### Work instructions:
Transcribe every entry exactly, leaving out any pictures.

### Task data:

──────────────────────────────

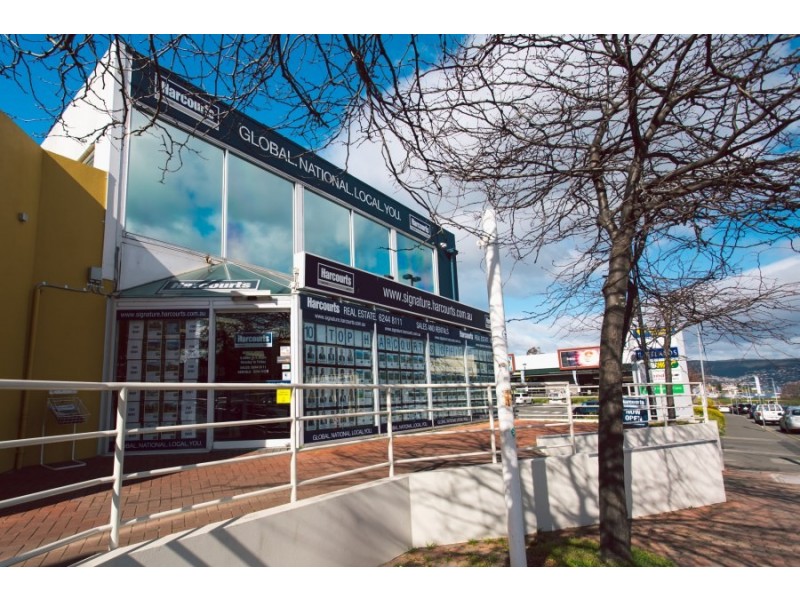 2/1 Bayfield Street, Rosny TAS 7018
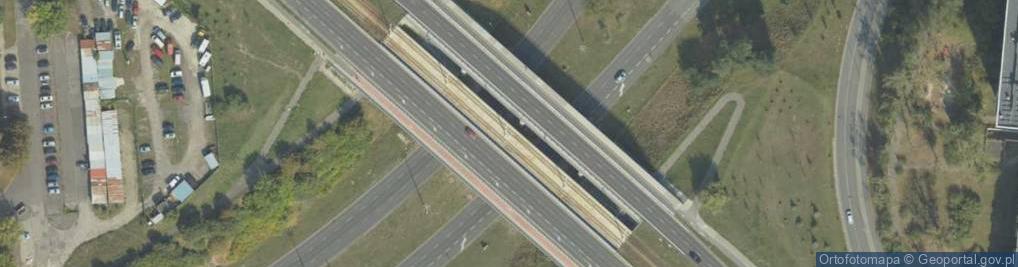 Zdjęcie satelitarne Irena Szepler - Działalność Gospodarcza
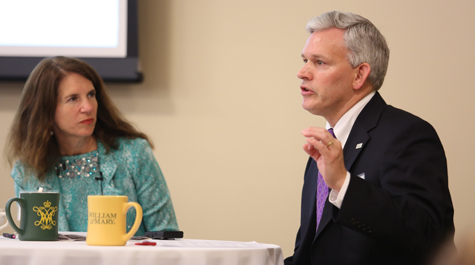 Service Summit:
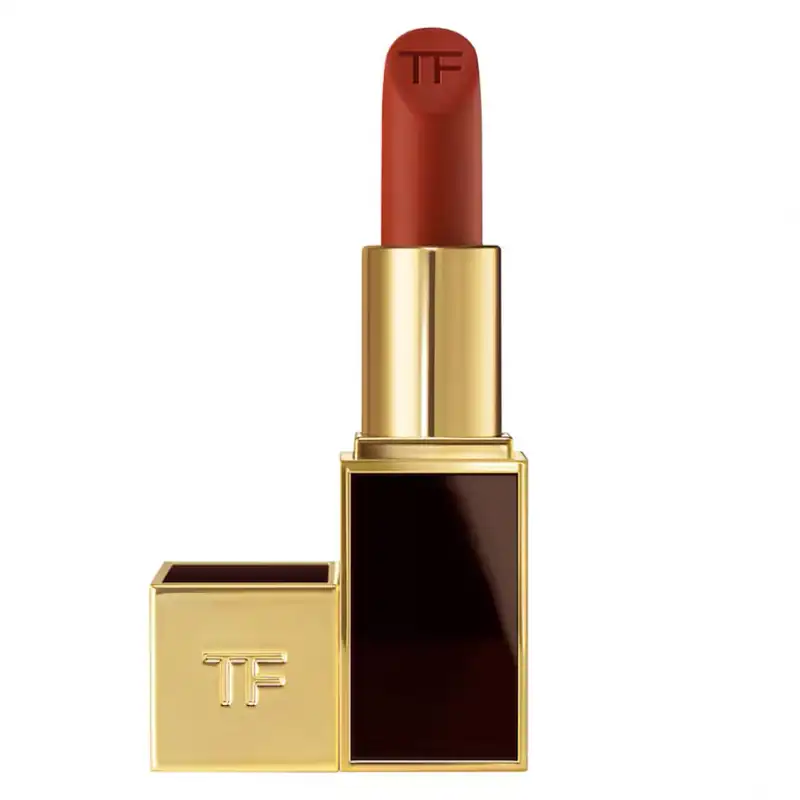 Barra de labios Lip Color Matte Tom Ford 60 euros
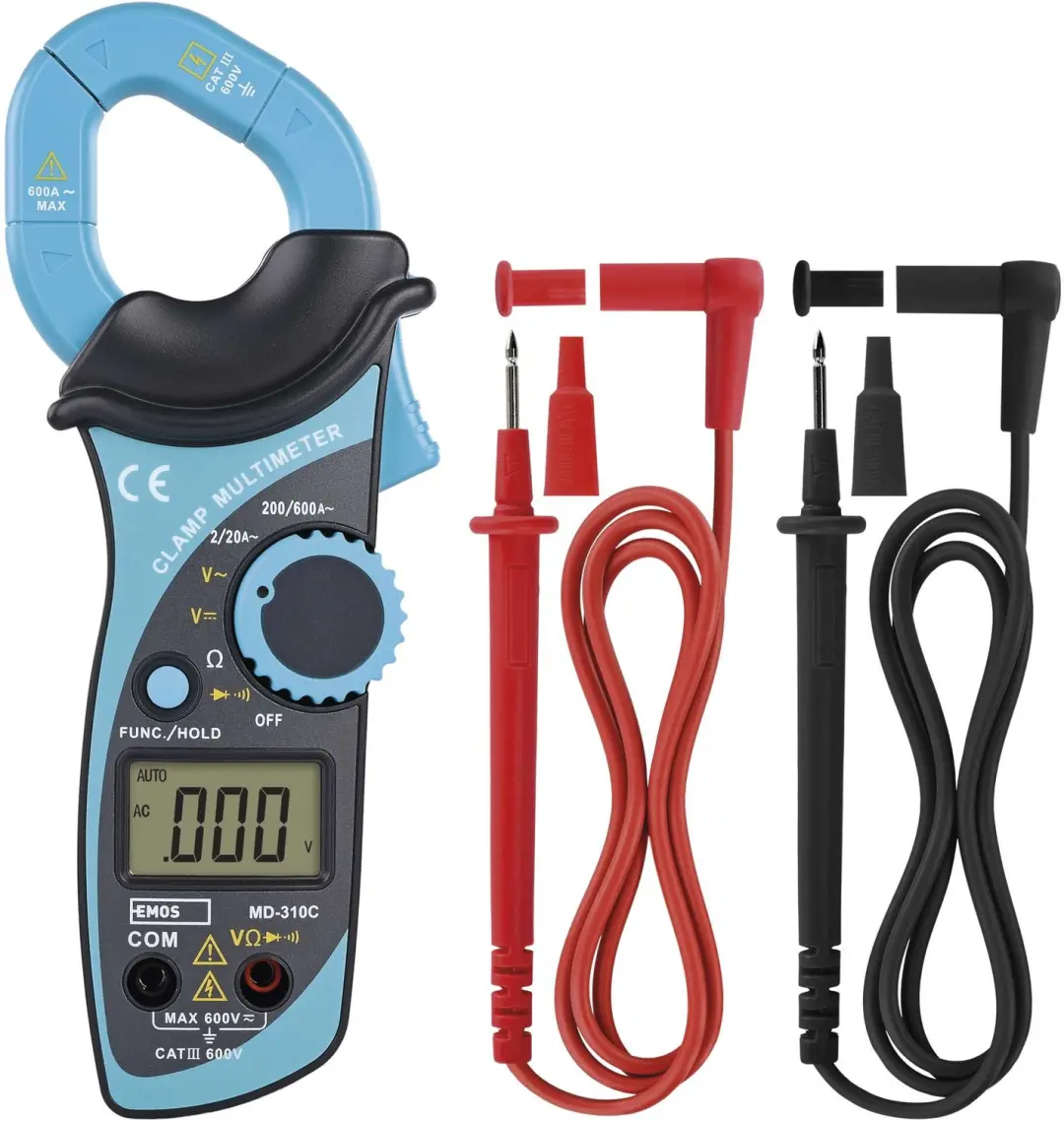 EMOS MD-310C M0305N Tangmultimeter
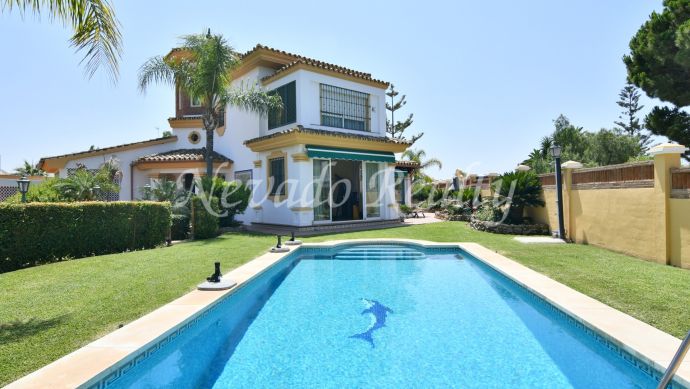 Propriétés à Vendre à La Costa Del Sol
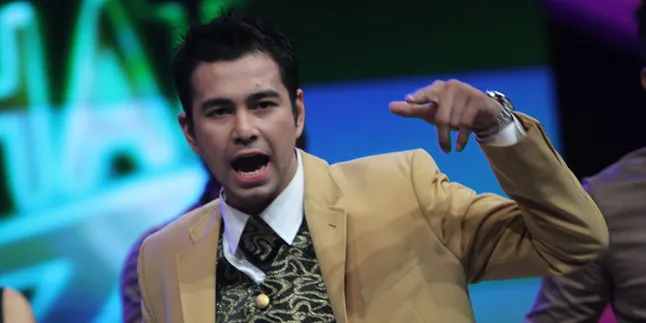 Terkait Raffi Ahmad, Dokter BNN Akan Disidang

──────────────────────────────

### Solution for this problem:
 2/1 Bayfield Street, Rosny TAS 7018
 Zdjęcie satelitarne Irena Szepler - Działalność Gospodarcza
 Service Summit:
 Barra de labios Lip Color Matte Tom Ford 60 euros
 EMOS MD-310C M0305N Tangmultimeter
 Propriétés à Vendre à La Costa Del Sol
 Terkait Raffi Ahmad, Dokter BNN Akan Disidang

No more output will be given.